# Concentration of probability measures

Assume we have a vector $$X$$ consisting out of $$N$$ independent random variables $$X_1, ..., X_N$$. We determine ("measure") the value of "k" (say, for simplicity, the first $$k$$) of them, while the rest is (at least for now) not revealed.

I am interested in statements telling us something about, e.g., the sum of the remaining $$N-k$$ entries of the vector. An example would be a probabilistic statement along the lines $$Pr\left[ \frac{1}{N-k} \sum_{i=1}^{N-k} X_{k+i} \geq f(\epsilon) \frac{1}{k} \sum_{i=1}^{k} X_i\right] \leq \epsilon$$, where $$f$$ is some function (or a constant).

I know that such a statement can be made if the $$X_i \text{~} \mathcal{N}(0,\sigma^2)$$, so after normalisation, $$X$$ is uniformly distributed on the unit sphere of $$\mathbb{R}^N$$, but I wonder if statements like that exist for weaker requirements on $$X$$?

For example, what if $$X_i$$ is with probability $$p$$ drawn from $$\mathcal{N}(\mu_1, \sigma^2)$$ and with probability $$1-p$$ from $$\mathcal{N}(\mu_2, \sigma^2)$$. Then our random variable is only sub-gaussian.

What if we do not know anything about the distribution?

Is "concentration of probability measure" the right name for statements like that or is there a more proper term?

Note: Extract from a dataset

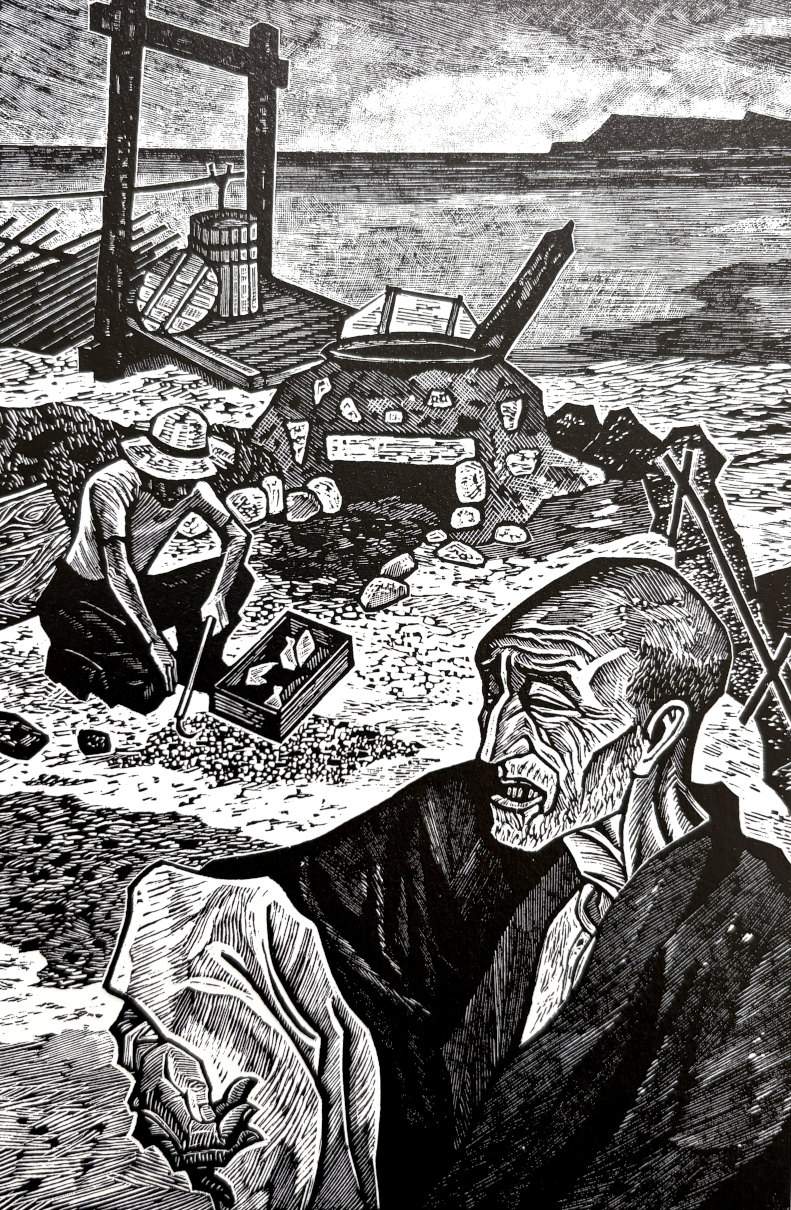 Old Man by the Sea - Kitaoka Fumio Catalogue woodblock print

• You're essentially trying to sum $n = N - k$ iid variables. Apart from things like the CLT, I'm not sure there's much to say. May 17, 2022 at 18:28
• As far as I know the CLT gives us only an asymptotic statement. I explicitly assume a finite size of my vector $X$, hence finite $N$. How can then the CLT help? May 17, 2022 at 18:33
• Is the probability in your second paragraph conditioned on $X_1, \ldots, X_k$? May 17, 2022 at 18:45
• @angryavian no, there is no conditioning. The brackets contain just a statement about the mean of the remaining values, based on the mean of the first k rounds. May 17, 2022 at 18:48
• Can we assume the $X_i$ have zero mean? If their mean is not zero, then the terms in the probability brackets become "$\mu \ge f(\epsilon) \mu$" in expectation, which probably isn't your intention. May 17, 2022 at 18:56

Bayesian statistics lets you draw the probability of some value $$x_{k+1}$$ given $$k$$ previously known values and a general model under parameter $$\theta$$.
$$p(x_{k+1}|x_1, ..., x_k)= \int_{-\infty}^{\infty}p(x_{k+1}|\theta)p(\theta|x_1,...x_k)$$
Let $$X_{n-k}$$ be the vector made of the still unknown values. You can use maximum likelihood estimation under some assumed high-entropy distribution to find whatever parameter $$\theta$$ fits your data $$x_1, ..., x_k$$ best and then find
$$p(X_{n-k}|x_1, ..., x_k)= \int_{-\infty}^{\infty}p(X_{n-k}|\theta)p(\theta|x_1,...x_k)$$